Kamu bermain sebagai seorang gadis muda bernama Vivi. Ketika hendak pulang dengan kereta, ia tertidur hingga kereta dikosongkan. Tapi ketika bangun kereta yang ia tumpangi berubah menjadi kereta yang mengantarkan mereka yang sudah mati ke afterlife atau alam baka. Masalahnya adalah, meskipun sempat berpikir untuk bunuh diri, ia masih hidup dan “terdampar” di kereta tersebut. Untungnya, “kondektur” kereta tersebut mau mengantarnya kembali ke dunia nyata, tapi setelah ia selesai mengantarkan para penumpang kereta ke afterlife.
Sejatinya, What Comes After tidak punya gameplay sama sekali. Kamu hanya berjalan dan mengajak bicara semua karakter yang kamu temui. Presentasinya juga cukup sederhana, dengan mayoritas karakter tidak memiliki ekspresi dan tanpa musik kecuali di bagian akhir. Jadi satu-satunya aspek yang bisa dinilai adalah ceritanya.
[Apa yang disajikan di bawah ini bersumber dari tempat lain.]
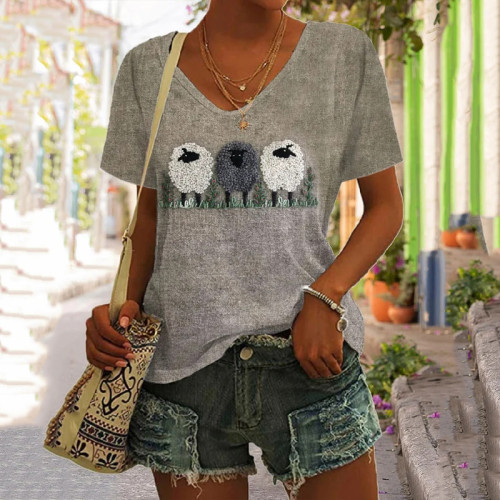 Women's Animal Sheep Comfort Print Comfort Short Sleeve T-Shirt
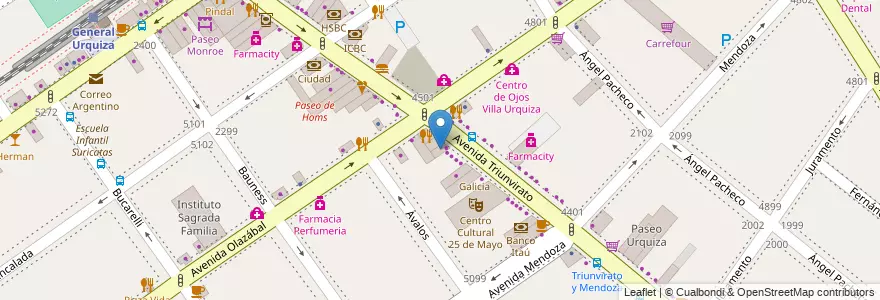 Mapa de ubicacion de La Recova, Villa Urquiza en آرژانتین, Ciudad Autónoma De Buenos Aires, Comuna 12, Buenos Aires.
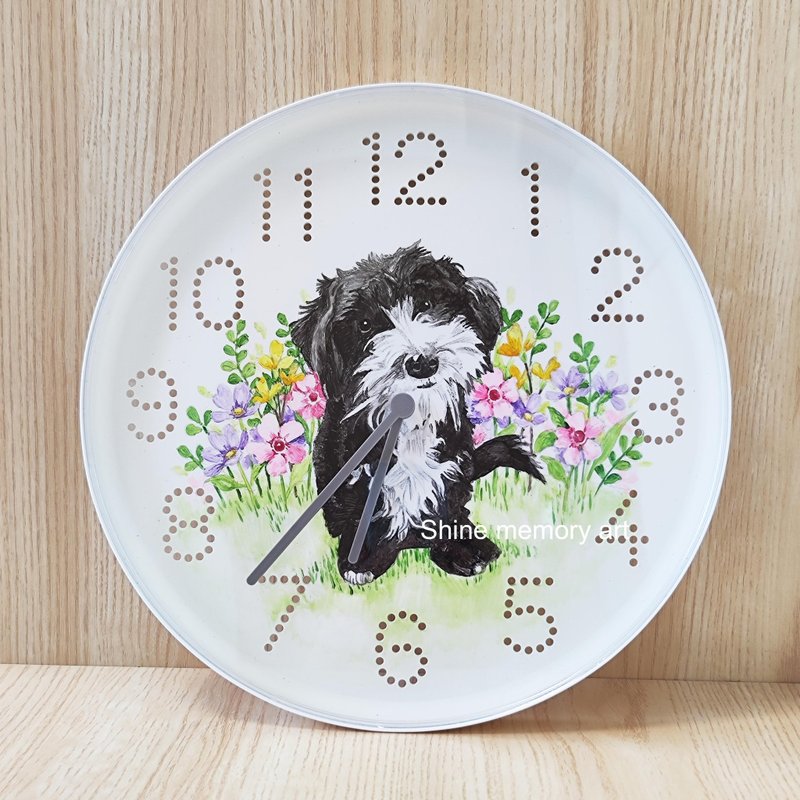 Customized hand-painted pet dog wall clock - one - Customized Portraits - Plastic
Kamu akan melewati semua gerbong kereta dan mengajak bicara semua makhluk yang bisa kamu temui, mulai dari manusia, hewan, hingga tanaman. Mereka akan bicara layaknya manusia biasa dan menceritakan bagaimana mereka mati dan seperti apa kehidupan mereka sebelum mati. Selain itu kamu juga akan melihat bagaimana cara mereka memandang kematian.
Perspektif terhadap hidup dan mati inilah yang jadi daya tarik utama What Comes After. Kamu akan melihat bagaimana beberapa karakter menjalani hidup mereka sebelum mati. Beberapa menjalani hidup yang fulfilling, tapi ada juga yang tidak. Tapi mayoritas tidak menyesali hidup yang mereka lalui setelah mati.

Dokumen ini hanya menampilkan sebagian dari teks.